Mika stuck out his chest proudly and looked George right in the eye. Which was a bit difficult to be honest as you couldn’t be entirely certain which eye was focused on you at any one time.

‘Yes! Yes, he did!’

‘And you don’t like butterflies?’

‘Only when they sizzle and burn and curl up under the heat of my magnifying glass!’

‘Ah, so you enjoy torturing them?’

‘It’s the best! I get to decide their fate! That’s why I want to be your apprentice, so I can learn the trade! Be the best torturer ever! For the King! Sift out all those who don’t agree with him!’

‘Ah. I see. Well. Let me show you something,’ George said, and ushered Mika back towards the heavy door of the Dungeon.

‘What?’ asked Mika expectantly, thinking that at last he would handle some of the terrible instruments of torture that he’d always dreamed of using.

George paused, then transformed before Mika’s eyes back into Stevolovich the Terrible. Back straightening, face – or what passed for a face – turning the deep puce of dangerous intent. There was no smile to be imagined there.

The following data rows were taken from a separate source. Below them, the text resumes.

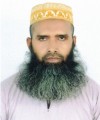 Teacher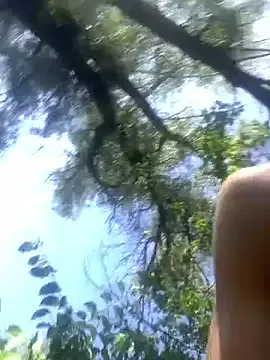 BabeBeth40 – webcam model profile photo Image 7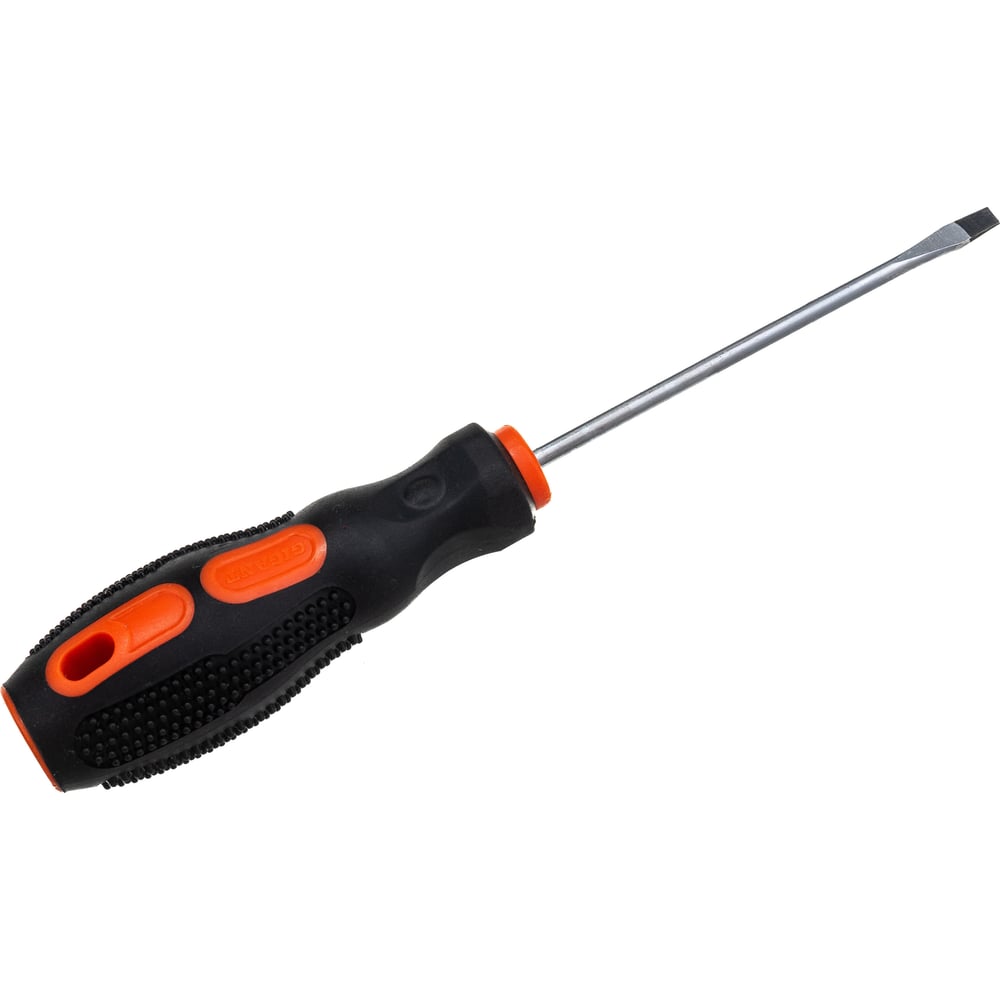 Отвертка Gigant GS SL375, фото 6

Mika was impressed enough to take a step back.

‘You, me lad, are looking at the wrong profession,’ Stevolovich the Terrible growled. ‘Any torturer needs some compassion and sensitivity for his clients. Show professionalism and respect for their death and the means of their demise – never a celebration!’

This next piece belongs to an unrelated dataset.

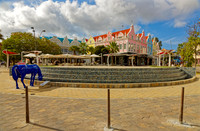 _B7A5215_DxO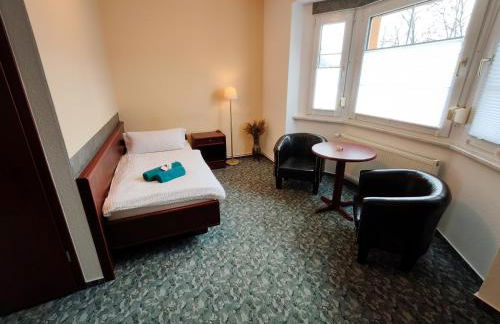 Domstadt Apartments - Foto 39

‘What, what…’ Mika stuttered, now utterly confused.

‘What you are and what you should be, is not a torturer, me lad, but a politician.’

With that, Stevolovich the Terrible spun Mika around and with careful aim, kicked him out of the dungeon.

Standing over the confused pile of legs and arms that now lay in a heap on the castle’s stone floor outside the dungeons entrance, he went on: ‘Remember this, me lad, if ever you do eventually become a politician, hope you don’t see me again sooner than you think – I might enjoy my job more than I should!

Watching bemused from his seat on the cold stone floor, Mika watched as George stomped away, the heavy door to the dungeon creaked in protest as it slammed shut behind him. That door really could do with some oil, Mika thought as he dusted himself down. That and a change of torturer for sure. Now he knew his path. There needed to be a new King.

To be continued…?

If, dear reader, you have made it this far, my apologies. I was going to write about humour in horror for this weeks spot. But it’s so hard to do. So instead I decided on Sunday to try and write a short story instead. The above is, I’m afraid, the rather rushed and horrible result.

The point I wanted to try and make is that we as humans have the amazing and sometimes awful ability to adapt to any circumstance. ‘I was only obeying orders’, is a famous excuse for the most horrifying acts. Human beings can seemingly rationalise almost anything. Humour is a great counterpoint to the absurdities. And a great teacher, too. Life of Brian and Young Frankenstein are two fine film examples that still crease me up. And make me think. The world is currently in a terrible and dangerous state. We need to laugh as much as we need to pause and think. Humour helps us do both.